#### [EXERCISE INSTRUCTIONS]
Please retype the listing below exactly as it stands, skipping any pictures.

#### [SUPPLIED DATA]
============

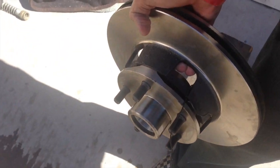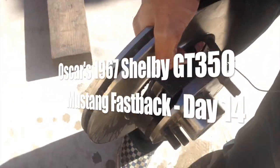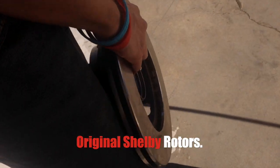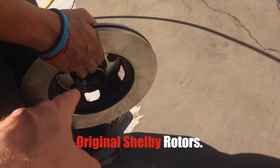Here we go! We are cleaning off the rotors right now. They're zinc coated and Cliff cleaned them up. So we're going to get them real clean, real quick and fast, and dry them off immediately so there's no corrosion. Make sure you get in there.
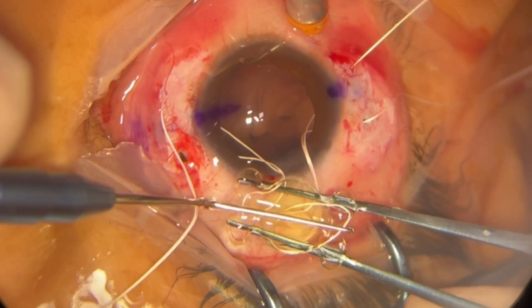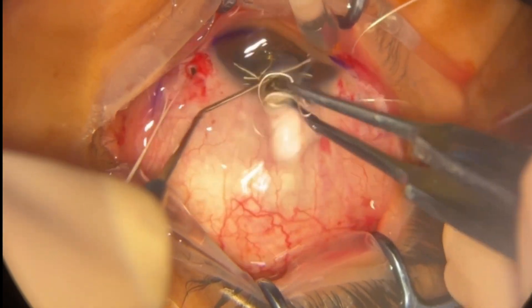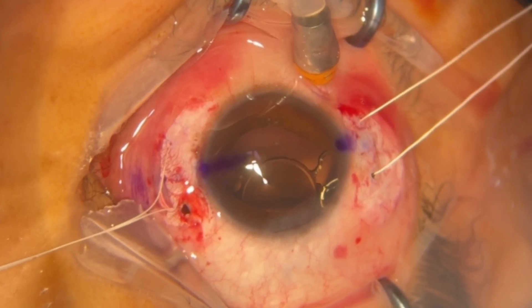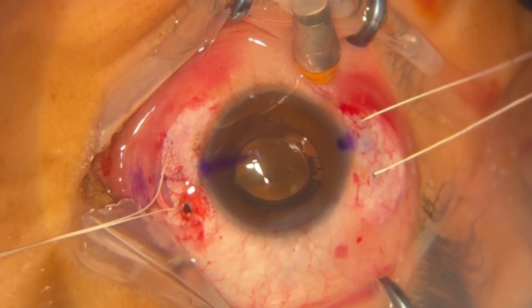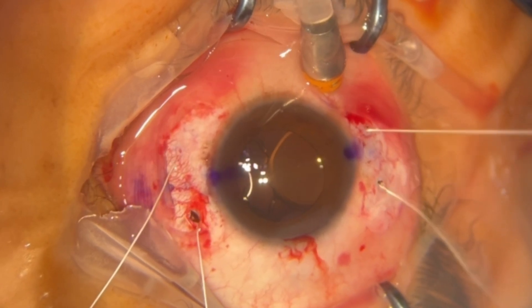With the help of a chopper and a Macpherson forceps, the lens is folded and introduced through the 2.75 mm corneal incision. However, the temporal side of the Gore-Tex thread is accidentally lost, causing the lens to dislocate into the vitreous cavity.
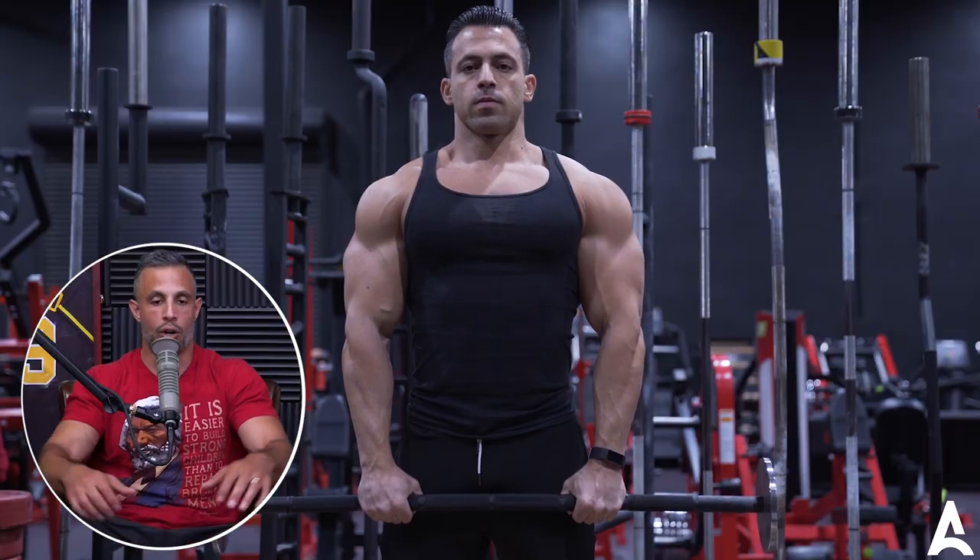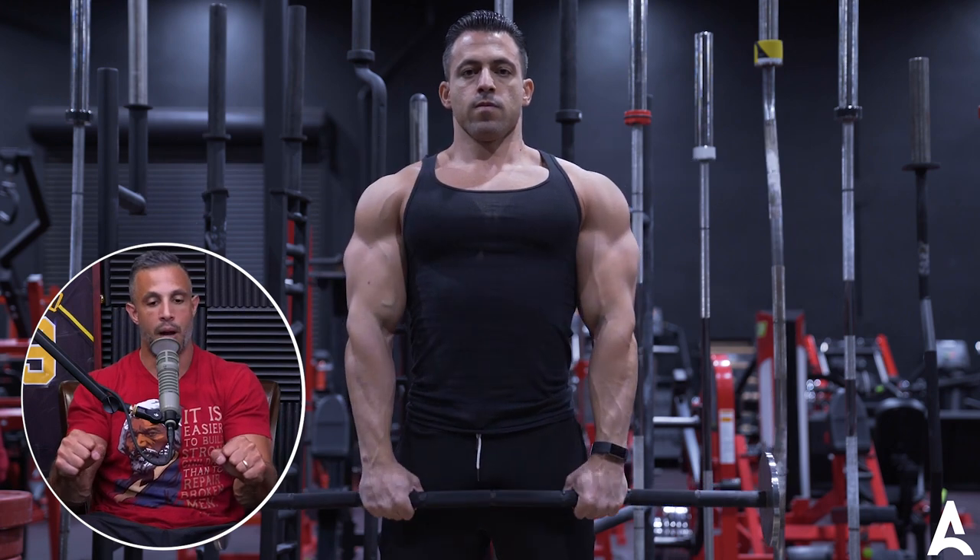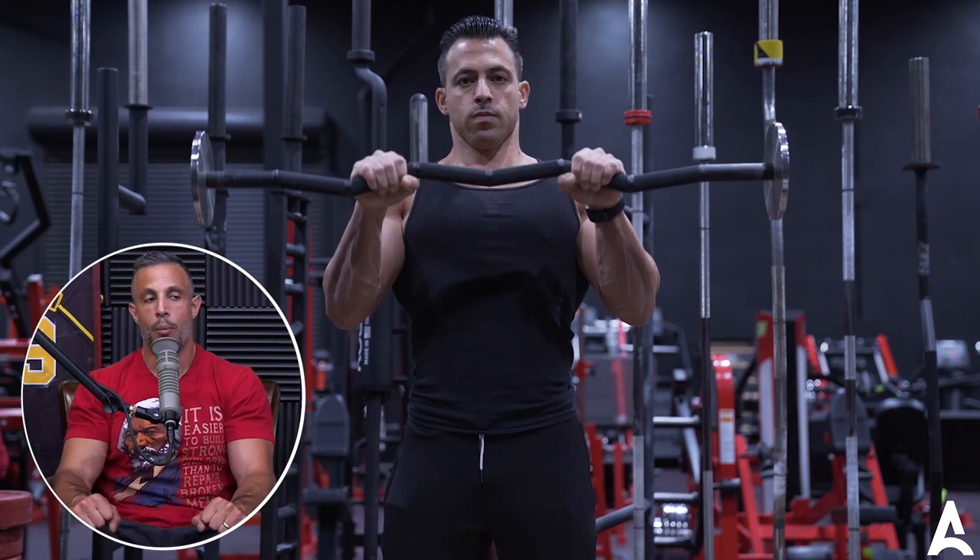One of my favorite forearm exercises, especially for the top of the forearm — this kind of meaty brachioradialis muscle here on the top of the elbow — reverse curls with the thumb under the bar, a tight grip, with an easy curl bar. Practice those.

============

#### [TASK SOLUTION]
Here we go! We are cleaning off the rotors right now. They're zinc coated and Cliff cleaned them up. So we're going to get them real clean, real quick and fast, and dry them off immediately so there's no corrosion. Make sure you get in there.
With the help of a chopper and a Macpherson forceps, the lens is folded and introduced through the 2.75 mm corneal incision. However, the temporal side of the Gore-Tex thread is accidentally lost, causing the lens to dislocate into the vitreous cavity.
One of my favorite forearm exercises, especially for the top of the forearm — this kind of meaty brachioradialis muscle here on the top of the elbow — reverse curls with the thumb under the bar, a tight grip, with an easy curl bar. Practice those.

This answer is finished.